The table below gives the full bill of materials, top-to-bottom from the sun-facing side. Layers that appear twice in the stack — on both faces of the panel, or in both junctions of the tandem cell — are marked (×2), with mass and thickness shown as totals across both instances. The columns headed ε give each layer's embodied energy per kilogram: ε current for what today's processes spend to produce and form it, and ε Gibbs for the thermodynamic floor introduced in the materials section above. These figures include fabrication costs, such as extruding and laminating the polymer films or depositing the thin active layers, though typically such costs are small compared to costs for the chemical processes. The columns headed E give mass × ε, the energy that layer contributes per square meter of panel, shown both at current processes and at the floor.

Entries marked "<0" are materials whose Gibbs free energy of synthesis from natural feedstock is technically negative: sulfide ores release more energy on oxidation to sulfuric acid than the metal reduction absorbs, and perovskite synthesis from elemental Pb, I, and Cs is slightly exothermic. In practice these floors are not approached because ore extraction and finite-rate process losses dominate.

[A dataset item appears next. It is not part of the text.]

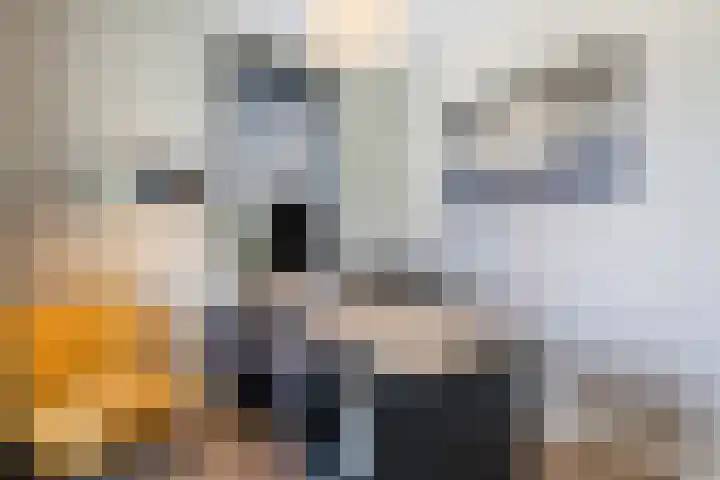 Kleine Vuurvlinder 45 Mierlo thumbnail 14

Most of the panel's embodied energy is in the polyolefin and polypropylene polymer sheets — the front sheet, the encapsulant, and the back sheet — which together account for about half the total. These layers give the panel mechanical strength against thermal cycling and handling stress, and shield the active layers from UV degradation. The next-largest contributor is the aluminum oxide moisture barrier on each face, which keeps water away from the perovskite over a year of outdoor service. The per-kilogram energies for the deposited layers include the deposition step itself: each is built up from its Gibbs floor with a mature-process multiplier, and the barrier is costed for sputtering or atmospheric-pressure CVD rather than the slower atomic layer deposition used in flexible electronics today.

The perovskite absorbers themselves are only a small contributor to the panel's embodied energy. At 0.5 μm each, they barely register in mass terms, and they are not particularly energy intensive to make per unit mass. Their thickness is set by optical absorption: perovskite's band-edge absorption coefficient near \(10^5\) cm⁻¹ means 0.5 μm absorbs about 99% of above-bandgap photons in a single pass, with comfortable margin against fabrication non-uniformity.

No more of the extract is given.